Friday 8 January 2010

Walthamstow Bike Shed: suppressing cycling

(Above) The way in to the Bike Shed at Walthamstow Central station.

First, some hyperbole from a cycling campaigner:

This is a truly fabulous cycle park. The beautiful structure, the level of security and the apparently good location offer an unprecedented level of service to the cyclist in the UK. So often cycle parking has been the type of drab building at the back of a car park or school. You almost have to do a double-take when you are using this cycle park: it is so well thought out. It feels as though you've entered a world where at last someone loves the cyclist, and it's a bit disconcerting. But no, you're not in Belgium, Amsterdam or Copenhagen. You really are in north London, by a railway station and this is cycle parking at its best in the UK.

There was a bit of a problem though. My own bike didn't fit in to the security device, and neither did another bike with an oversize down tube. This often happens when cycle parks put in only one type of bespoke cycle parking.

Yes, this truly fabulous cycle park used Sekura Byk, whose cycle stands have failed elsewhere in Waltham Forest and which the majority of cyclists prefer not to use.
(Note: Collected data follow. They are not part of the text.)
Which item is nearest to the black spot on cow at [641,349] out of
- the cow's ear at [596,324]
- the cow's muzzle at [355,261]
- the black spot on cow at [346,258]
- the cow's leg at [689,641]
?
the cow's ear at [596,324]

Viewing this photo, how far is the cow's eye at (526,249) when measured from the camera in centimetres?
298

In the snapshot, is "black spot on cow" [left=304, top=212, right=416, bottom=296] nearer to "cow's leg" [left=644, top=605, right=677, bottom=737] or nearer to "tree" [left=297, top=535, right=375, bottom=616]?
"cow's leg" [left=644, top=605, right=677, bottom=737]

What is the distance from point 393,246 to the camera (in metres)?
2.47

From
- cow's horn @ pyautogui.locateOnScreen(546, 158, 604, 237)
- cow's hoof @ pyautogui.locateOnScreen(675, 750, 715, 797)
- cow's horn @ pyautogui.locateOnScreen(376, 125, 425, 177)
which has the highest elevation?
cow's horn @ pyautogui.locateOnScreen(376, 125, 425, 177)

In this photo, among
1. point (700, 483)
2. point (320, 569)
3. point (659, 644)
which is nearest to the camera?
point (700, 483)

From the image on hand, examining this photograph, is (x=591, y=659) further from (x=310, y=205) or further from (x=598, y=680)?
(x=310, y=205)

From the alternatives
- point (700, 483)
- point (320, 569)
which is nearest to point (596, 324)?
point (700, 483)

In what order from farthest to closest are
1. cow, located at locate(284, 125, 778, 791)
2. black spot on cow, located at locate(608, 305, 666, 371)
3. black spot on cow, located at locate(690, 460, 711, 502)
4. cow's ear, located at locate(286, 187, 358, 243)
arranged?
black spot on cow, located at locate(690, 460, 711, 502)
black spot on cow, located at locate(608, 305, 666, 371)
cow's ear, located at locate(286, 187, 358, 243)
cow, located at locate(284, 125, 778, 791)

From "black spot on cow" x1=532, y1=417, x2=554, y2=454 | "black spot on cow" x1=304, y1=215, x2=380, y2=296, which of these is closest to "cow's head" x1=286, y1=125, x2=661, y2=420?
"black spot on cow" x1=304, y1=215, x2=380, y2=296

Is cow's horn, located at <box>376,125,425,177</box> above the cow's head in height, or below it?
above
I was promised that this would soon be solved by providing some simple Sheffield style cycle parking racks inside a spare corner of the bike shed.

In fact in the end ALL the Sekura Byk stands had to be ripped out and replaced by Sheffield stands. The Council was fortunate in keeping yet another example of poor decision-making and financial waste out of the local press.

There’s now not a lot wrong in principle with the Walthamstow Bike Shed, other than the reality that it is grossly inadequate. Walthamstow Central, where the Bike Shed is located, is the main station in the borough. It is where the Victoria Line begins in the north. The overground service provides four trains an hour to Liverpool Street Station, a journey of 18 minutes. There is a significant weekday demand for secure cycle parking facilities for those who choose to cycle to the station and then use the tube or overground. It is much, much quicker to travel by train or tube from Walthamstow to the City or the West End than it is to cycle.

According to the 2001 Census, the London Borough of Waltham Forest has a population of 218,277. Yet the Bike Shed contains just 28 cycle stands. Compare that risible provision with Assen:

Assen where we live in the Netherlands is a small city with just 65,000 inhabitants, but our railway station has 2300 spaces.

Once again, it underlines the poverty of aspiration of British cycling campaigners that they actually think pitiful provision like the Walthamstow Bike Shed is something to cheer wildly.

In reality this Bike Shed can’t meet the demand. One disgruntled user has sarcastically scrawled on the sheet informing newcomers how to apply for an access card IT'S OVERLOADED AS IT IS, MAKE A WAITING LIST!

But of course the solution is not rationing but massively expanded provision. You won’t get mass cycling just by urging people to cycle because it's cool and sexy and fun and Green and healthy. You’ll only get them cycling if it’s convenient, safe and attractive. There is ample scope for far greater cycling provision at this site, but it would mean using (horrors!) part of the station car park, or part of the very generous drop-off-and-pick-up bay on the other side of the station. Needless to say there is little chance of the car-crazed transport planners of Waltham Forest ever agreeing to such a radical proposal.

Even though this Bike Shed is supposed to be one of the jewels in the crown of the borough’s cycling provision, the lack of importance attached to cycling by the council is all too plainly evident at this site. The entrance to the shed has not been gritted. A bush has been allowed to grow up in front of the Bike Shed information notice on the brick wall nearby, providing a suitably concealed space for an assault to take place. (Look carefully and you’ll see one cyclist prefers to hide their bike in this obscure corner, locking it to a drainpipe.) Ironically, the information notice is out of date and supplies inaccurate information about how to get an access card.

Most tellingly of all, this Shed, which is normally packed out on a weekday, contained just 14 bikes yesterday. Most were on the same stands and in the same positions as they were the day before. In other words, there has been a very significant drop in demand which is plainly a response to the ice and snow. The regular commuters who use the Bike Shed are using other forms of transport. Waltham Forest Council has made no effort at all to grit major cycling routes or off-road cycle lanes, and cyclists have responded by choosing not to cycle. Demand is being suppressed. The notion that cycling is going to massively expand in an Outer London suburb like Waltham Forest is wishful thinking.

(Above) Well below capacity. The Bike Shed yesterday.

(Below) Not gritted. The entrance to the Bike Shed.

(Below) The overgrown, hidden space opposite the entrance to the Bike Shed.